[RECORDED DATA]
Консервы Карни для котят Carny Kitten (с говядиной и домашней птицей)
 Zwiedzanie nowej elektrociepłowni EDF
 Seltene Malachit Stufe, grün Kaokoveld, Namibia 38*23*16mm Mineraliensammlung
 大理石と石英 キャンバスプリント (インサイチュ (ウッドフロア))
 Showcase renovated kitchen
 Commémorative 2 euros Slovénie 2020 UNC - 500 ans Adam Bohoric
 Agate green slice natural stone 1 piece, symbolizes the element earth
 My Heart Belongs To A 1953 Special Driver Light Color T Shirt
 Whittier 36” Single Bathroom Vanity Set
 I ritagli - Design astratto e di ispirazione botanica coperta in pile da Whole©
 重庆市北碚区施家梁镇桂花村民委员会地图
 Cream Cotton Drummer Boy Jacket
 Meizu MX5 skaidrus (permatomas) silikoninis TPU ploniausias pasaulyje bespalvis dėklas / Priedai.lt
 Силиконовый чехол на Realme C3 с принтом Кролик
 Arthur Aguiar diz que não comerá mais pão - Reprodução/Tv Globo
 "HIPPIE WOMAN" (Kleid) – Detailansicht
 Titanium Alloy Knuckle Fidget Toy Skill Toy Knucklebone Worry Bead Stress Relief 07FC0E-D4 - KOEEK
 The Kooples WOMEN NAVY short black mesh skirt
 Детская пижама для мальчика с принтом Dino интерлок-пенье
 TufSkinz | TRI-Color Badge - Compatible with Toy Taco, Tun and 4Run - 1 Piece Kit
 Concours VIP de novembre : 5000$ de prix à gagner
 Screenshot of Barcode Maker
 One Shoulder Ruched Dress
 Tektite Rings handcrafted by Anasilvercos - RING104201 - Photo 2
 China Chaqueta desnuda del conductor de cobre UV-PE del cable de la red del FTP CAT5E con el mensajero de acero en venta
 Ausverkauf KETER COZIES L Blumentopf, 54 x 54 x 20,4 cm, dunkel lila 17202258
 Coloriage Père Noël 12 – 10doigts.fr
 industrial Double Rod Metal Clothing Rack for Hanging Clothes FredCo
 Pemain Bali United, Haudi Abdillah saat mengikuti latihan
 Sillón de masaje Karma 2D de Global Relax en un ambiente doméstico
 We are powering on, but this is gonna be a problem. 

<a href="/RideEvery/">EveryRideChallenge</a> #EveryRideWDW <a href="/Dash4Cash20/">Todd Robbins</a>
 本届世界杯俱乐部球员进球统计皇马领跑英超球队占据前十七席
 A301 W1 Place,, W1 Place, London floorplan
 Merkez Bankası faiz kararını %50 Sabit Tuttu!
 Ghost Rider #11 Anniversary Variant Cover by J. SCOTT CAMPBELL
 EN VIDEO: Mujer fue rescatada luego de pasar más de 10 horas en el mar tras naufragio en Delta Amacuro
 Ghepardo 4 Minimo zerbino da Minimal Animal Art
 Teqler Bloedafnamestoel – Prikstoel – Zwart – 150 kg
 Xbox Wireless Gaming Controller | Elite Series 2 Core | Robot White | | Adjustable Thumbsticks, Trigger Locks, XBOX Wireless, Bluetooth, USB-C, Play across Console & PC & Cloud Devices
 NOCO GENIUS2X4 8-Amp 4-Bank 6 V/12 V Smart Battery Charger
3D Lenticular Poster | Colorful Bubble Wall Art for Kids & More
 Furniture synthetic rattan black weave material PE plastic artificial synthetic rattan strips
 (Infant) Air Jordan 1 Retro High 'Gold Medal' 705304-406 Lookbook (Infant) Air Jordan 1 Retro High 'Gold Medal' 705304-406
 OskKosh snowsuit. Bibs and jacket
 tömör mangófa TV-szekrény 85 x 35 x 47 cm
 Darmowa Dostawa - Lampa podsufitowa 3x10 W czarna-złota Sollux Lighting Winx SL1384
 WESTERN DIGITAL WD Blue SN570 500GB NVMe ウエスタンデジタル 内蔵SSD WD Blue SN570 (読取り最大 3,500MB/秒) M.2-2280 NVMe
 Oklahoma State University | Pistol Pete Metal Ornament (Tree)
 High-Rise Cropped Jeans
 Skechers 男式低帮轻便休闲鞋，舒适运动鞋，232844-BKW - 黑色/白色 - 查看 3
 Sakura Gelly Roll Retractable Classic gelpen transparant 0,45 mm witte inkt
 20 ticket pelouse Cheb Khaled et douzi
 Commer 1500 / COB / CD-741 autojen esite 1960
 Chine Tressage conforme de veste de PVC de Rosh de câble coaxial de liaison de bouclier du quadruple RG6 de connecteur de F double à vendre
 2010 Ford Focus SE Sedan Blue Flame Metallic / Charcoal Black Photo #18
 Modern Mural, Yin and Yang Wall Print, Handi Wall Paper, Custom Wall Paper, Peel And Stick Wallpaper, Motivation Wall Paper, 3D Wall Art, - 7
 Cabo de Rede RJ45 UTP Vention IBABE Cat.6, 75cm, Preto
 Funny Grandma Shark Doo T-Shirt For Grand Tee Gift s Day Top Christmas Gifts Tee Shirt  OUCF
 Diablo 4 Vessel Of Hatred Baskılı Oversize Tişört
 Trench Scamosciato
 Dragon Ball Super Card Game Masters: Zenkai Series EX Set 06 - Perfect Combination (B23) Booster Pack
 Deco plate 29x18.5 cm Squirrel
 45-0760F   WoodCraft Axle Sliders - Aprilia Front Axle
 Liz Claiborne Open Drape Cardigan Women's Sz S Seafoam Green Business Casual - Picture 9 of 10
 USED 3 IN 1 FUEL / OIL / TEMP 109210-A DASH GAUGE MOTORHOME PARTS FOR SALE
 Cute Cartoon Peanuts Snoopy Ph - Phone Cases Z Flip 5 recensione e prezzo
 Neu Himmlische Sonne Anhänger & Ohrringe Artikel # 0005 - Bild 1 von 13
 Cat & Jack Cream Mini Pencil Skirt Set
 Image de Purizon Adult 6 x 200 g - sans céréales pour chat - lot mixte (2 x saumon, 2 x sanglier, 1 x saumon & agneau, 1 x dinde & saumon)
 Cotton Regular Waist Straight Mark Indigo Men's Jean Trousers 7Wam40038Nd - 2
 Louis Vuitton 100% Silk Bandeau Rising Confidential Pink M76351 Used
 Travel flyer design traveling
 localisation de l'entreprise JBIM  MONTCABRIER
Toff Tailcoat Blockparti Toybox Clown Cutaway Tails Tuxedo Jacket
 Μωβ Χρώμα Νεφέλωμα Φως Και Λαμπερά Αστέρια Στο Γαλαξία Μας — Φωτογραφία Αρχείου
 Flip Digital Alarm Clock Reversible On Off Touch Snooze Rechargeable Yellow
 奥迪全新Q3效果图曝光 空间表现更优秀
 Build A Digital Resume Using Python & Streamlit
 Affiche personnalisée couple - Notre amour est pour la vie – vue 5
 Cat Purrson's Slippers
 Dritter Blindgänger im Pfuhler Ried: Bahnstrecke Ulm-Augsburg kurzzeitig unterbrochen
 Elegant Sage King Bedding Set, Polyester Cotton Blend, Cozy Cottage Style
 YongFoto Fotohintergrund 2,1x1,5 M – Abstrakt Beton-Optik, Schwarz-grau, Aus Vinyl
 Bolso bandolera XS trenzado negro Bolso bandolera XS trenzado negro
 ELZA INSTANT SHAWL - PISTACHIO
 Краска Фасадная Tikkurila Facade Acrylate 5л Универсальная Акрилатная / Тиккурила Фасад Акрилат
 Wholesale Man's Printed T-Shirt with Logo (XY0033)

[WHAT TO WORK ON]
Write out exactly the lines above between the line with "Louis Vuitton 100%" and the line with "Build A Digital", inclusive, and nothing beyond them.

[REPLY TO THE EXERCISE]
 Louis Vuitton 100% Silk Bandeau Rising Confidential Pink M76351 Used
 Travel flyer design traveling
 localisation de l'entreprise JBIM  MONTCABRIER
Toff Tailcoat Blockparti Toybox Clown Cutaway Tails Tuxedo Jacket
 Μωβ Χρώμα Νεφέλωμα Φως Και Λαμπερά Αστέρια Στο Γαλαξία Μας — Φωτογραφία Αρχείου
 Flip Digital Alarm Clock Reversible On Off Touch Snooze Rechargeable Yellow
 奥迪全新Q3效果图曝光 空间表现更优秀
 Build A Digital Resume Using Python & Streamlit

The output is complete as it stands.